● **TASK PROMPT**
Return the full listing word for word, but drop every picture from it.

● **AVAILABLE DATA**

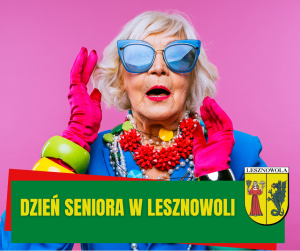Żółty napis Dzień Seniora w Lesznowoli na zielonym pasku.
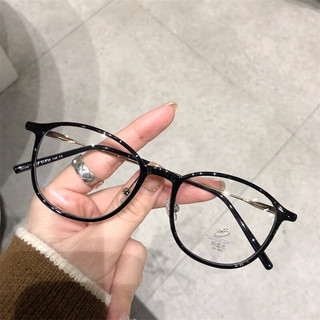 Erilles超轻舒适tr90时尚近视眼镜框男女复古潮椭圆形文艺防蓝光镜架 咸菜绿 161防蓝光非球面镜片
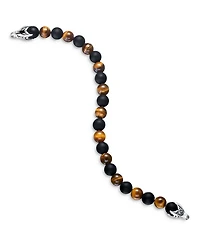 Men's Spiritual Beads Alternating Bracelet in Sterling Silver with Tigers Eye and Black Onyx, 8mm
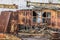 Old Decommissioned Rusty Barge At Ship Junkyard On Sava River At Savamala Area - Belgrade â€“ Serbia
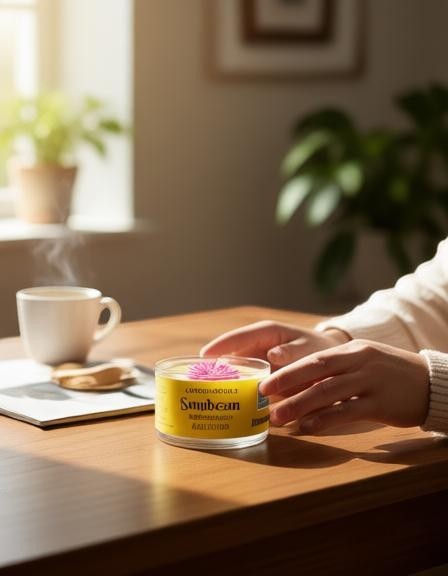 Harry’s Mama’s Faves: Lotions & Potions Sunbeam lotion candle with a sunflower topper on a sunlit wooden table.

● **RESULT OF THIS EXERCISE**
Żółty napis Dzień Seniora w Lesznowoli na zielonym pasku.
 Erilles超轻舒适tr90时尚近视眼镜框男女复古潮椭圆形文艺防蓝光镜架 咸菜绿 161防蓝光非球面镜片
 Men's Spiritual Beads Alternating Bracelet in Sterling Silver with Tigers Eye and Black Onyx, 8mm
 Old Decommissioned Rusty Barge At Ship Junkyard On Sava River At Savamala Area - Belgrade â€“ Serbia
 Harry’s Mama’s Faves: Lotions & Potions Sunbeam lotion candle with a sunflower topper on a sunlit wooden table.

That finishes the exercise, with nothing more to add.